>>>>>

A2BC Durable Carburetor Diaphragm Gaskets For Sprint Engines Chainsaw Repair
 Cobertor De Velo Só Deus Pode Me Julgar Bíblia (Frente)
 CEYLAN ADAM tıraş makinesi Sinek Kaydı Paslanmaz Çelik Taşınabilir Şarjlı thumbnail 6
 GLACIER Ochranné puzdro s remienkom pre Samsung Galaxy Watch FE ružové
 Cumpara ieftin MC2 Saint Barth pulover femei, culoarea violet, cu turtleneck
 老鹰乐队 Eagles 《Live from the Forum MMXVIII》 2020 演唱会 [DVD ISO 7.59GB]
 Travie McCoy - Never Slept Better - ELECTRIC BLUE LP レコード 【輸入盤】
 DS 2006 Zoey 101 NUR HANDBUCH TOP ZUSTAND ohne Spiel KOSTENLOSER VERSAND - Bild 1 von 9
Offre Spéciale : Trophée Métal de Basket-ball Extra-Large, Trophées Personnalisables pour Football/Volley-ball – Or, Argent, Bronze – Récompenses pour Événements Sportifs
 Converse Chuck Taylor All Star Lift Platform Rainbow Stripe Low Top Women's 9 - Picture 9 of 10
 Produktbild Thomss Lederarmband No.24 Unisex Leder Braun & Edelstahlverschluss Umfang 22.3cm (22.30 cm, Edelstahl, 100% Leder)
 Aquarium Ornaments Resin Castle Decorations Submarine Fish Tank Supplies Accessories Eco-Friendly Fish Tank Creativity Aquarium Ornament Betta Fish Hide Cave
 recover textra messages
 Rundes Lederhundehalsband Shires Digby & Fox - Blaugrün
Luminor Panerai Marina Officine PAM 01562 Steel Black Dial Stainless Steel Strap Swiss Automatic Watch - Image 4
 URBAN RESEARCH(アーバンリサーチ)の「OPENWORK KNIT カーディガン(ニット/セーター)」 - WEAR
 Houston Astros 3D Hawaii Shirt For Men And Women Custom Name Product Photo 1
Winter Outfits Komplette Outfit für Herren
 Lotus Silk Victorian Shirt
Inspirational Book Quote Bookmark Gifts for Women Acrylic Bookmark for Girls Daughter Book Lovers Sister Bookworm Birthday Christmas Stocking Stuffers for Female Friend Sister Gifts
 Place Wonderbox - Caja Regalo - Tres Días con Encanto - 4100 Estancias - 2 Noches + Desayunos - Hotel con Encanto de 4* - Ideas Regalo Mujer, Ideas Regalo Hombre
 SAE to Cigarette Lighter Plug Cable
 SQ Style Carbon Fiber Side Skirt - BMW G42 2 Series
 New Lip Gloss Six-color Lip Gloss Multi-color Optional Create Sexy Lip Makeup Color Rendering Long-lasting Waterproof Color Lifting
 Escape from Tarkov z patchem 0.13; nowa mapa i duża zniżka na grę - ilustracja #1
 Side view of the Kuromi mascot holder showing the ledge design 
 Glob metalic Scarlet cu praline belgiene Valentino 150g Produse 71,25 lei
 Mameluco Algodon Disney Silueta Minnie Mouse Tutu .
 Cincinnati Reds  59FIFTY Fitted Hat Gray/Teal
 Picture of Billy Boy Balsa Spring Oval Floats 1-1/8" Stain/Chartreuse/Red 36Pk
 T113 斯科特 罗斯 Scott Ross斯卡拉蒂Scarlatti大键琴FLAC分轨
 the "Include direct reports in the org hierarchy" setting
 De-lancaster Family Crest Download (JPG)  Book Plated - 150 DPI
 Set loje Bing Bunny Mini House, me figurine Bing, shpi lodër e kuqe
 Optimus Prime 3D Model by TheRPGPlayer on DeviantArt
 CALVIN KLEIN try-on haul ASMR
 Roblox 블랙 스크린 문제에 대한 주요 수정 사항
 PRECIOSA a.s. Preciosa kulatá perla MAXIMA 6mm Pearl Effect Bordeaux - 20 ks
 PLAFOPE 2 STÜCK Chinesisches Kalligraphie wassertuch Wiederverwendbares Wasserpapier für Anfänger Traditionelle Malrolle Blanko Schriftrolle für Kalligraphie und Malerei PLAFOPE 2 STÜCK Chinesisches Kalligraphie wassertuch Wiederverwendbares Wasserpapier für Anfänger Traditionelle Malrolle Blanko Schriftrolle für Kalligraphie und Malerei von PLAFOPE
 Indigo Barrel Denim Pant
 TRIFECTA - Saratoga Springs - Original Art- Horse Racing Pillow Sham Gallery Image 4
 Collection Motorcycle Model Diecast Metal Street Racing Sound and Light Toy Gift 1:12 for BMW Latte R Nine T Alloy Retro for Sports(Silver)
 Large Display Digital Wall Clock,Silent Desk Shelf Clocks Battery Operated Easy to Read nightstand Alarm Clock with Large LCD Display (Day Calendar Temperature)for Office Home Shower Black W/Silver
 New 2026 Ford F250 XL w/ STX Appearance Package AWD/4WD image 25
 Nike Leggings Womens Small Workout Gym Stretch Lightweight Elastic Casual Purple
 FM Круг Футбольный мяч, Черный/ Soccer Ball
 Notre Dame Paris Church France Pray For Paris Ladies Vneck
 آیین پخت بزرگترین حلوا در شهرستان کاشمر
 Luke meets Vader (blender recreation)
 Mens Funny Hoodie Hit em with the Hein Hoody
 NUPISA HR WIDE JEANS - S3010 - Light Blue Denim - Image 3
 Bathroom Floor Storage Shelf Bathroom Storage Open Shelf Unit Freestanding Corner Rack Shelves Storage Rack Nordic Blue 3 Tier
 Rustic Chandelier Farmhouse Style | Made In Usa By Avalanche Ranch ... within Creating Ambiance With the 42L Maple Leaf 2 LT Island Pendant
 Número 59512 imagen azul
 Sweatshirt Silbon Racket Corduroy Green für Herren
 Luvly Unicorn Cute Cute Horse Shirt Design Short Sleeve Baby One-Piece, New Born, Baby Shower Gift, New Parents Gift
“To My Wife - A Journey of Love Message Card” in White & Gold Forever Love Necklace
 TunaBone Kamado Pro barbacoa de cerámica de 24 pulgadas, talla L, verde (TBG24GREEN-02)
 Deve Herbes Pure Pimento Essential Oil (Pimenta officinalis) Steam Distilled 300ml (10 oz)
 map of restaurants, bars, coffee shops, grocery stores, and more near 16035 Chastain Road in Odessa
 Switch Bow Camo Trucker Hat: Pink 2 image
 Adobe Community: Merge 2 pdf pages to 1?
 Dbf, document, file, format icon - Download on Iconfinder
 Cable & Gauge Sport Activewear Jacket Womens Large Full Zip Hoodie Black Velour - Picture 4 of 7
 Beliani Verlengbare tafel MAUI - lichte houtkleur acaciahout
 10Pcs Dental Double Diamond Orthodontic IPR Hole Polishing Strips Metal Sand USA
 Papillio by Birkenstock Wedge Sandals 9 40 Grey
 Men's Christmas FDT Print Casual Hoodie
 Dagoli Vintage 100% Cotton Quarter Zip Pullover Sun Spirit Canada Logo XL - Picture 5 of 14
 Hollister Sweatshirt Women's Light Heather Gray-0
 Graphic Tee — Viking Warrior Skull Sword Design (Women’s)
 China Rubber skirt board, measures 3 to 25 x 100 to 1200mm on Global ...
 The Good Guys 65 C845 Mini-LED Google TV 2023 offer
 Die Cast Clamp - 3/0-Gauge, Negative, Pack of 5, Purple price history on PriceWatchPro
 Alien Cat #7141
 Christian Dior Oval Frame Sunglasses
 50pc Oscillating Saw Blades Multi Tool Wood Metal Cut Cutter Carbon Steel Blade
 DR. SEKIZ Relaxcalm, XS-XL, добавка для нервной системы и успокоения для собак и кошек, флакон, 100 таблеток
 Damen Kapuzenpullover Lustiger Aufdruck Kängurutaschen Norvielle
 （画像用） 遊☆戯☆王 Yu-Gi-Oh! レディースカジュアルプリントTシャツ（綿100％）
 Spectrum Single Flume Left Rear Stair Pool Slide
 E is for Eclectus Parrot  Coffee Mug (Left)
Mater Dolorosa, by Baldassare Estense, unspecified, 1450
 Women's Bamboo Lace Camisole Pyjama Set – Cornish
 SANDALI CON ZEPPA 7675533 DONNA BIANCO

<<<<<

→ Prompt: A verbatim transcription is needed of the lines above, starting at the line with "TheRPGPlayer on DeviantArt" and ending at the line with "Collection Motorcycle Model", both included, and of nothing else.

→ Result of the exercise:
 Optimus Prime 3D Model by TheRPGPlayer on DeviantArt
 CALVIN KLEIN try-on haul ASMR
 Roblox 블랙 스크린 문제에 대한 주요 수정 사항
 PRECIOSA a.s. Preciosa kulatá perla MAXIMA 6mm Pearl Effect Bordeaux - 20 ks
 PLAFOPE 2 STÜCK Chinesisches Kalligraphie wassertuch Wiederverwendbares Wasserpapier für Anfänger Traditionelle Malrolle Blanko Schriftrolle für Kalligraphie und Malerei PLAFOPE 2 STÜCK Chinesisches Kalligraphie wassertuch Wiederverwendbares Wasserpapier für Anfänger Traditionelle Malrolle Blanko Schriftrolle für Kalligraphie und Malerei von PLAFOPE
 Indigo Barrel Denim Pant
 TRIFECTA - Saratoga Springs - Original Art- Horse Racing Pillow Sham Gallery Image 4
 Collection Motorcycle Model Diecast Metal Street Racing Sound and Light Toy Gift 1:12 for BMW Latte R Nine T Alloy Retro for Sports(Silver)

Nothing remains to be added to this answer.